The Serials Vector and Algorithm

The following types of vectors exist for serials:

Candidate
Matching

For information on how the MARC fields are mapped into Primo, see Generic MARC 21 Normalization Rules.

Serials Candidate Vector

The following table describes the fields in the Candidate vector.

Serials Candidate Vector Fields
Field ID	Field Content	Note
C1	UnivID, UnivID_invalid	This is a unique universal ID (for example, LCCN).
C2	ISSN, ISSN_invalid, ISSN_cancelled
C3	Short Title
C4	Place of Publication	Only the first occurrence is used.
C5	Single match ID	Intended for the Alma’s MMS ID or another ID that is reliable enough to serve as the sole basis for the match.

In the Candidate phase of the algorithm, there is an OR operator between the following candidate fields (C1, C2, C3). The fourth candidate field is added if many candidates are located. The fourth candidate is added with an AND operator.

If there is a match on C5, the records are considered a match and will not continue to the matching stage, which is based on the other metadata elements.

Serials Matching Vector

The following table describes the fields in the Matching vector.

Serials Matching Vector Fields
Field ID	Field Content	Note
F1	UnivID
F2	Univ_invalid	Multiple occurrences are delimited by a semicolon.
F3	ISSN	Multiple occurrences are delimited by a semicolon.
F4	ISSN_invalid	Multiple occurrences are delimited by a semicolon.
F5	ISSN_cancelled	Multiple occurrences are delimited by a semicolon.
F6	Start publication year
F7	Full title
F8	Brief title	Remove subtitle and any additional information.
F9	Country of publication
F10	Place of publication
F11	Main entry (author, corporate body, meeting)

The matching takes place in two stages, quick and full.

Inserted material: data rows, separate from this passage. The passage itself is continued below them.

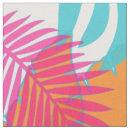 Search for rainforest fabric Foliage
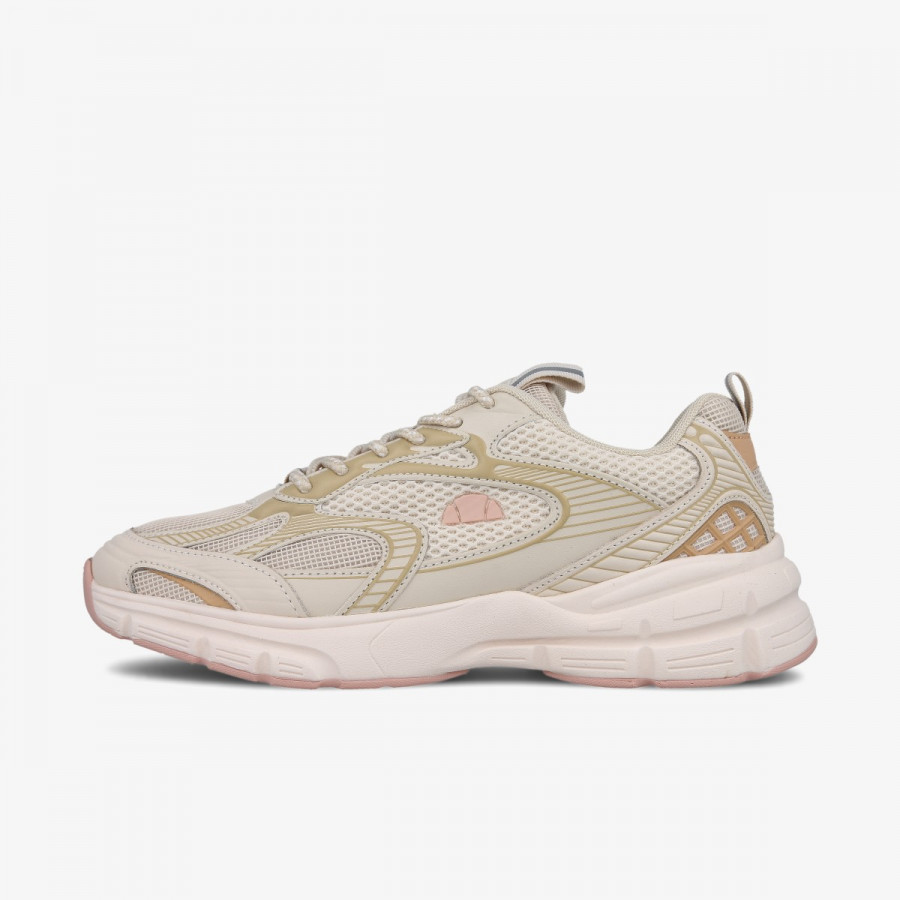 ELLESSE Superge Lola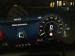 Ford Mustang Dark Horse fastback - Thumbnail 2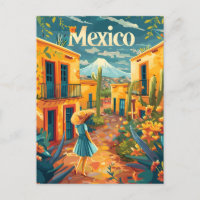 Art mexicain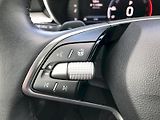 Škoda Fabia (2025) SELEC TS 85/1.0 A7F - náhled 19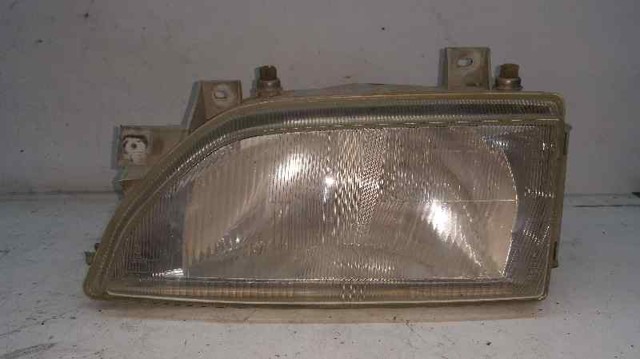 Reflektor lewy 1058207 FORD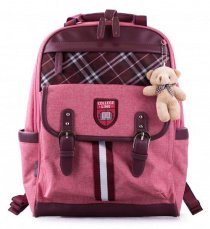 Рюкзаки KITE модель K18-737M-1 Фото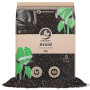 Sybotanica Terreau Monstera 20 L, substrat Coco sans Tourbe
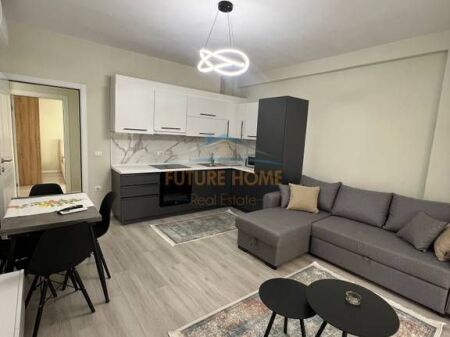Shitje, Apartament ,2+1+ Parking Rruga e Durresit ,Tirane.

The quick match compares the following fields:

Single match ID
UnivID/UnivID_invalid
ISSN/ISSN_invalid/ISSN_cancelled
Full title

The full match compares all fields in the vector.

The following table lists the default weights for quick and full matches for serials. If 800 points are reached in the quick-match stage, the records are considered a match. If not, the record proceeds to the full-match stage, which checks all fields. As in the quick-match stage, if 800 points are reached, the records are considered a match.

In both the quick-match and full-match stages, the weight from the UnivID and ISSN matches is compared, and the higher of the two weights, not the sum, is assigned to the record.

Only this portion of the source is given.